#### Your objective:
The entire set of lines below should be copied exactly.

(Dataset items)
=== Begin Enclosure ===
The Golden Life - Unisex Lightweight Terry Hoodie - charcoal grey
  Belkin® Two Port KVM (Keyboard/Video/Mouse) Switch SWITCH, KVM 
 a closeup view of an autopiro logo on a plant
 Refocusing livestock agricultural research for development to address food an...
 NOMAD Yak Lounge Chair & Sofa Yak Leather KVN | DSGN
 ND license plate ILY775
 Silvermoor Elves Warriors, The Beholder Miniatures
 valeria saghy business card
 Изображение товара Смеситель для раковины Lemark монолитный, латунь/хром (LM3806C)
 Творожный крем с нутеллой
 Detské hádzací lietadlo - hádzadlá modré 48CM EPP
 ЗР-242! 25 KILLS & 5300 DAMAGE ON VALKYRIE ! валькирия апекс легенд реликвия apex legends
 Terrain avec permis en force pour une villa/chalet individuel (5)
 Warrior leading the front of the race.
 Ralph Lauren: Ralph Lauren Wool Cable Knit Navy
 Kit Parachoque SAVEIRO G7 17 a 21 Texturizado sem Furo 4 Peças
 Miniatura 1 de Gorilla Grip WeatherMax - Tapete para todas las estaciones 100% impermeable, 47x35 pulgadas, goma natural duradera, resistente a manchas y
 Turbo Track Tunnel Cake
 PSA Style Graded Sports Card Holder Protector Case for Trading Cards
=== End Enclosure ===
#### Your solution:
The Golden Life - Unisex Lightweight Terry Hoodie - charcoal grey
  Belkin® Two Port KVM (Keyboard/Video/Mouse) Switch SWITCH, KVM 
 a closeup view of an autopiro logo on a plant
 Refocusing livestock agricultural research for development to address food an...
 NOMAD Yak Lounge Chair & Sofa Yak Leather KVN | DSGN
 ND license plate ILY775
 Silvermoor Elves Warriors, The Beholder Miniatures
 valeria saghy business card
 Изображение товара Смеситель для раковины Lemark монолитный, латунь/хром (LM3806C)
 Творожный крем с нутеллой
 Detské hádzací lietadlo - hádzadlá modré 48CM EPP
 ЗР-242! 25 KILLS & 5300 DAMAGE ON VALKYRIE ! валькирия апекс легенд реликвия apex legends
 Terrain avec permis en force pour une villa/chalet individuel (5)
 Warrior leading the front of the race.
 Ralph Lauren: Ralph Lauren Wool Cable Knit Navy
 Kit Parachoque SAVEIRO G7 17 a 21 Texturizado sem Furo 4 Peças
 Miniatura 1 de Gorilla Grip WeatherMax - Tapete para todas las estaciones 100% impermeable, 47x35 pulgadas, goma natural duradera, resistente a manchas y
 Turbo Track Tunnel Cake
 PSA Style Graded Sports Card Holder Protector Case for Trading Cards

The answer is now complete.